Regardless of how much a Toronto mayoral candidate shouts, “I’m not the status quo!” they are still offering Torontonians some form of “status quo.” Like Baskin Robbins offers a variety of ice cream flavours, the Toronto mayoral candidates, especially the seven leading candidates, offer a wide variety of self-serving status quo that will serve their self-interests (to obtain political power) and the self-interests of a large number of voters.
Speaking of “self-interests,” nothing has spoken more loudly about protecting one’s self-interest (to hold onto political power) than the fact that none of the high-profile candidates—actually the majority of the candidates—have talked about where they stand on ranked ballots, whether they support term limits, how they will use their veto powers, or except for a few candidates who stated they will raise property taxes, a cliche status quo strategy for increasing the city’s revenue, how they plan to deal with Toronto’s almost $1 billion budget deficit.
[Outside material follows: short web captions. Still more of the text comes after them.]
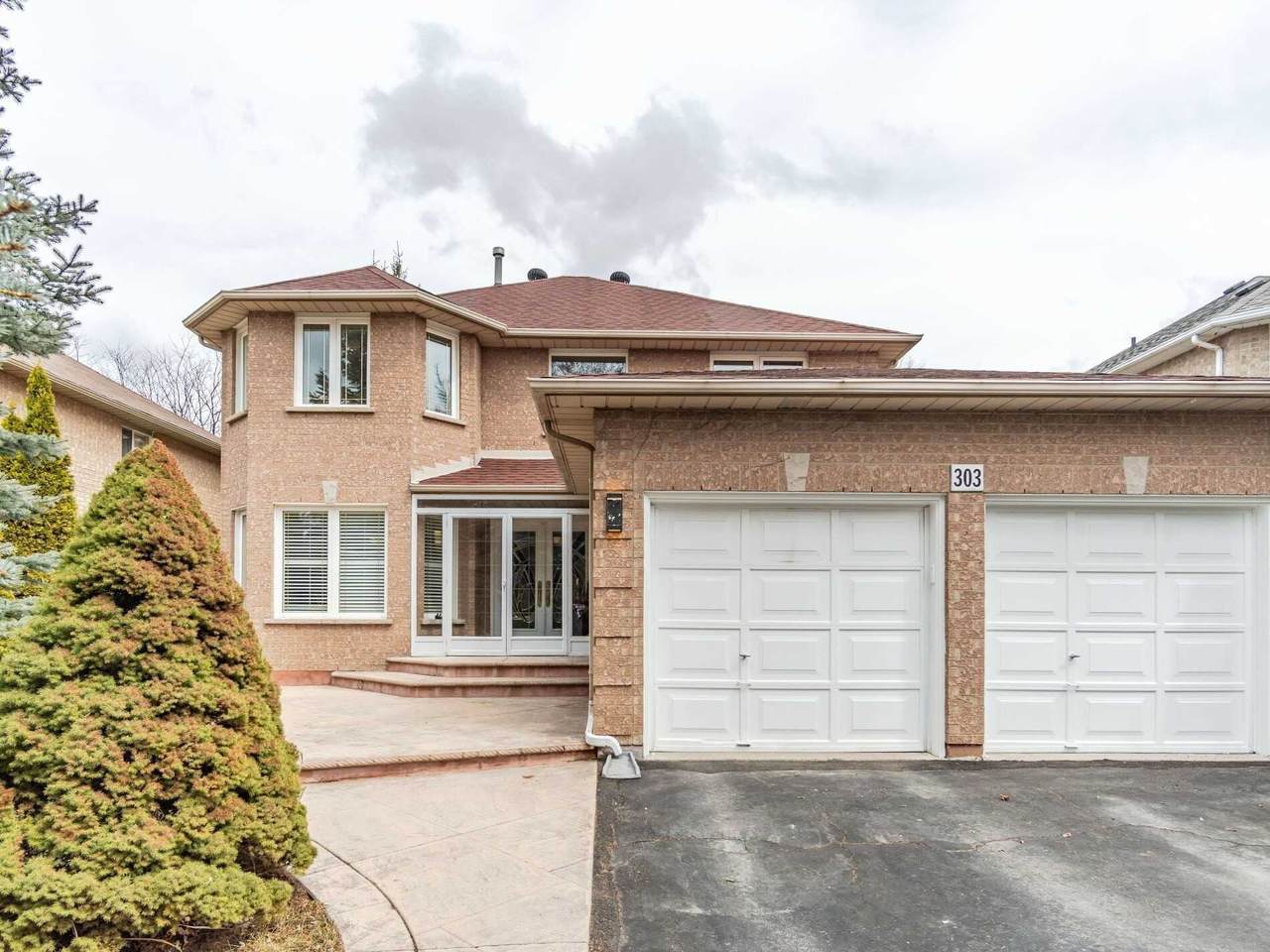 303 Rhodes Circ - Photo 1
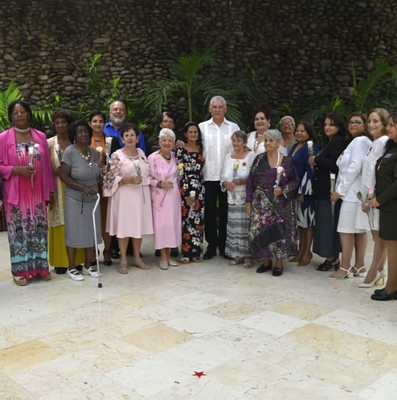 El permanente reconocimiento a las mujeres en Revolución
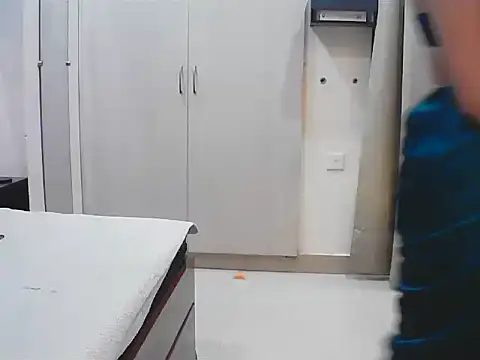 elize   online show from September 2025 05:29:01 AM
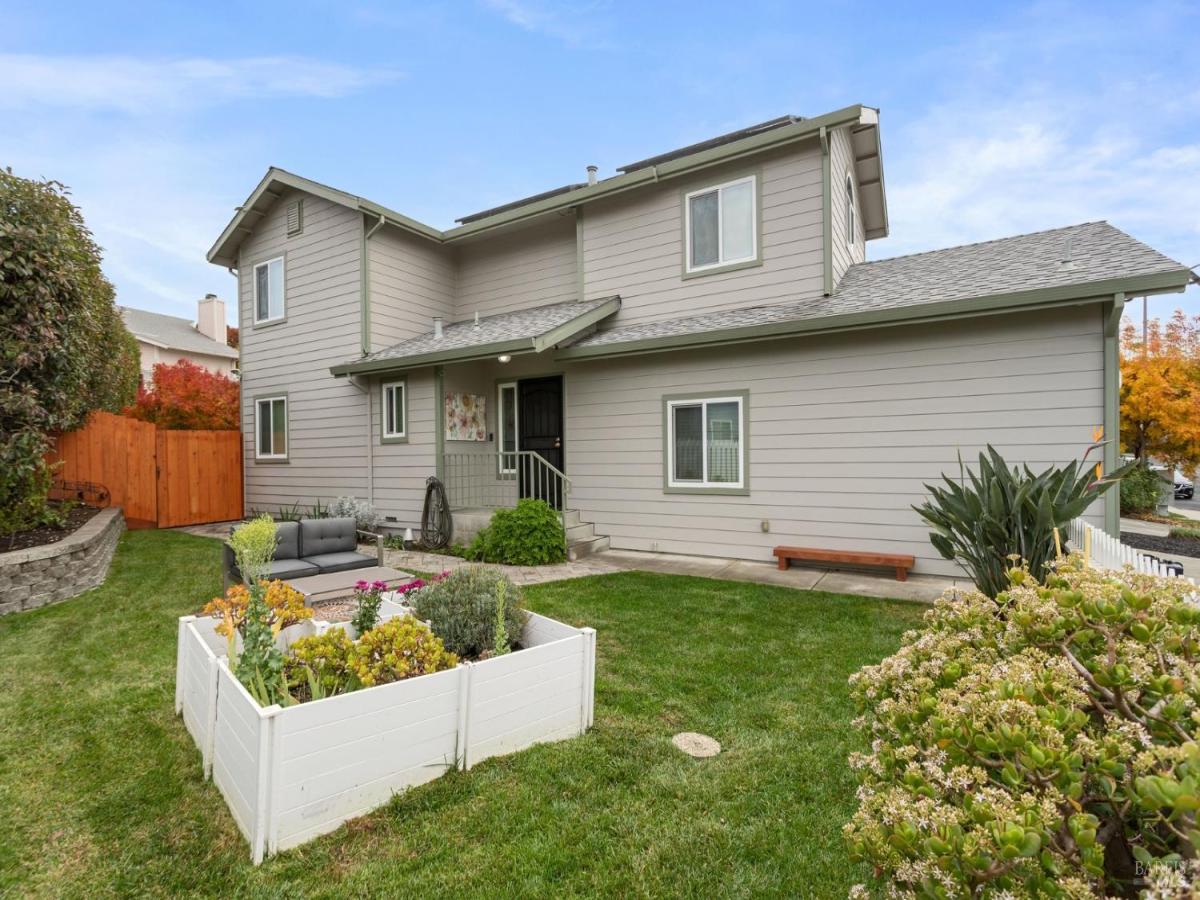 MLS #326070417 image #0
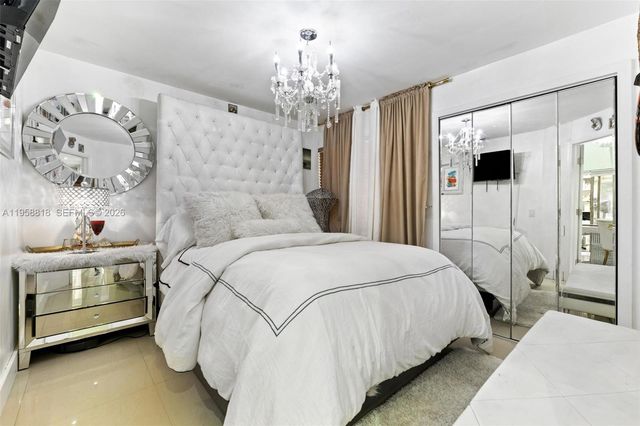 5018 SW 148th Pl, Miami, FL 33185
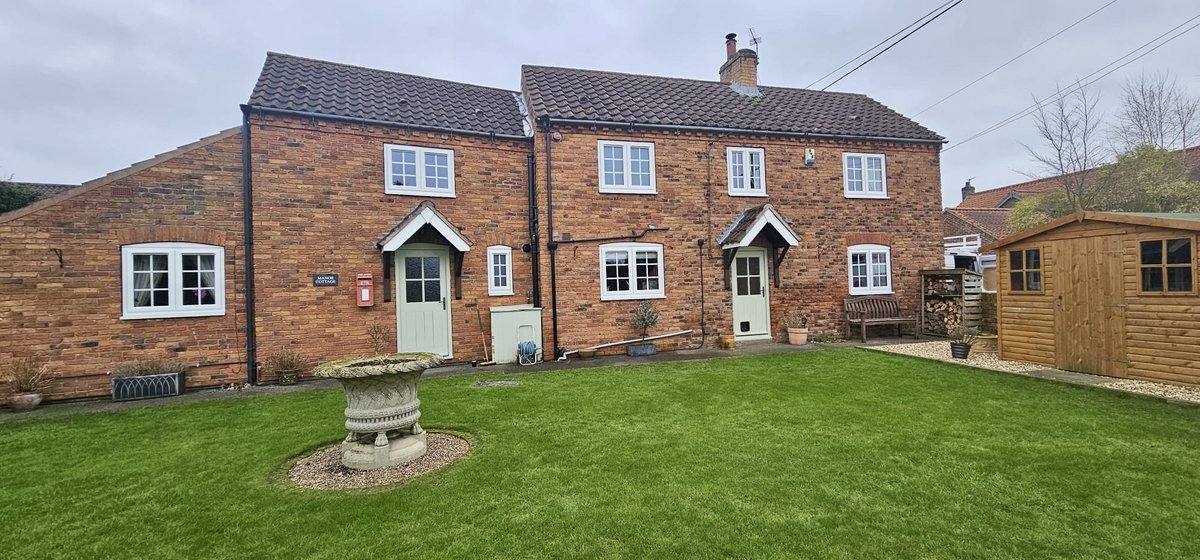 newvisionwindo's tweet photo. A full perspective of a finished project!
Contact us for a quote on any new windows or doors.
#WindowsAndDoors #installation #homeimprovements #homedesign #Nottinghamshire https://t.co/JQwdPEzyHT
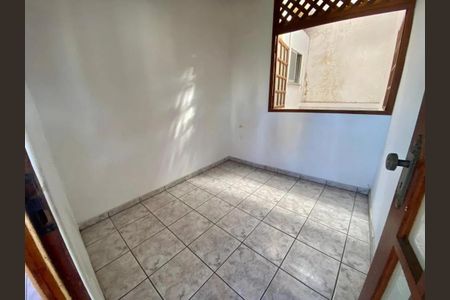 Casa para alugar com 90m², 4 quartos e 1 vaga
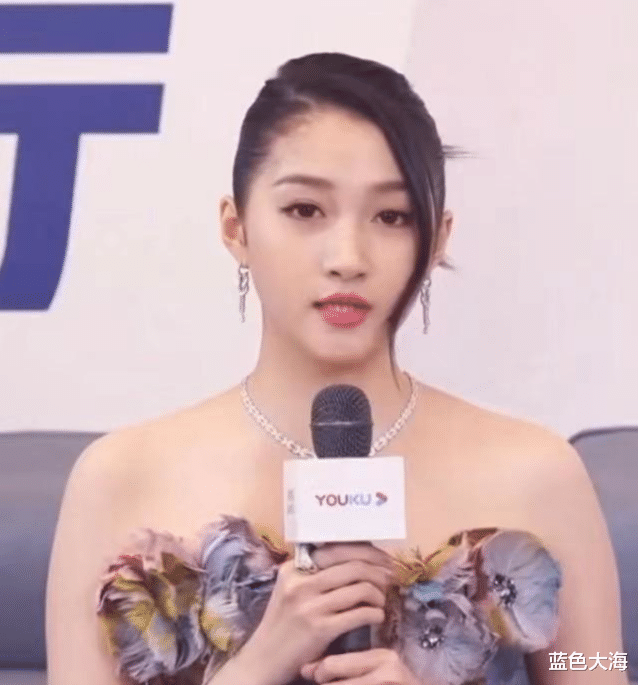 姚晨|2022年“红毯翻车”的女星：孙俪太土，周冬雨干瘪，姚晨像女妖精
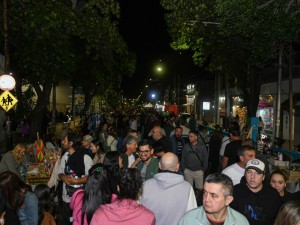 El Municipio impulsa el comercio de cercanía con tres noches especiales en distintos barrios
The irony is not lost on me that many candidates say Toronto is unaffordable and then say property taxes need to be increased, as if higher taxes will not increase the cost of homeownership or not be passed on to renters, thus making Toronto even more unaffordable.
Left-leaning vs. right-leaning status quo
Left-leaning candidates have their status quo (e.g., increasing taxes to fund more government services). Right-leaning candidates have their status quo (e.g., reducing government services to avoid tax increases). It would be naive not to think that the mayoral candidates running serious campaigns do not have self-serving agendas. Great politicians leverage the adage, “You scratch my back, and I will scratch yours,” knowing voters with a keen sense of their own self-interest vote for the candidate whose platform promises, if they are to be believed, are most aligned with their self-interest.
Increasingly, love, in its most general and drawn-out definition, exists only when the other person serves your self-interest. Astute politicians know this.
BOTTOM-LINE: Voters vote for the candidate who offers a status quo that is in their best interest.
A person’s perspective influences their desired status quo.
How someone defines the status quo is greatly influenced by their perspective. A person’s perspective is shaped by their location and experiences. The view of Toronto from a barstool in Sneaky Dees on a Friday night, while sitting on a bench on the Guildwood Inn’s lawn, while jogging along the Beaches Boardwalk, while watching TV in a Regent Park apartment, or while eating Szechuan Express’s crispy ginger beef in Sherway Gardens food court would hardly offer a definitive definition of the “Toronto experience,” yet for many it is.
In many European cities, bike lanes are part of the status quo, and Toronto cyclists want bike lanes to be part of Toronto’s status quo. On the other hand, removing bike lanes is in keeping with a dated status quo still desired by drivers (it would serve their self-interest) since bike lanes take up road space and appear to be underused. Which status quo would you choose if you were experiencing Toronto as a cyclist versus a driver?
In many American cities, such as New York, Los Angeles, Chicago, Seattle, Milwaukee, and Baltimore, a new status quo was adopted when the police were defunded in order to increase social services funding. This is not a status quo that victims of crime and people who feel unsafe want in Toronto. Therefore, they tend to support candidates who promise to increase police spending.
Political success is based on selling your status quo to as many voters as possible.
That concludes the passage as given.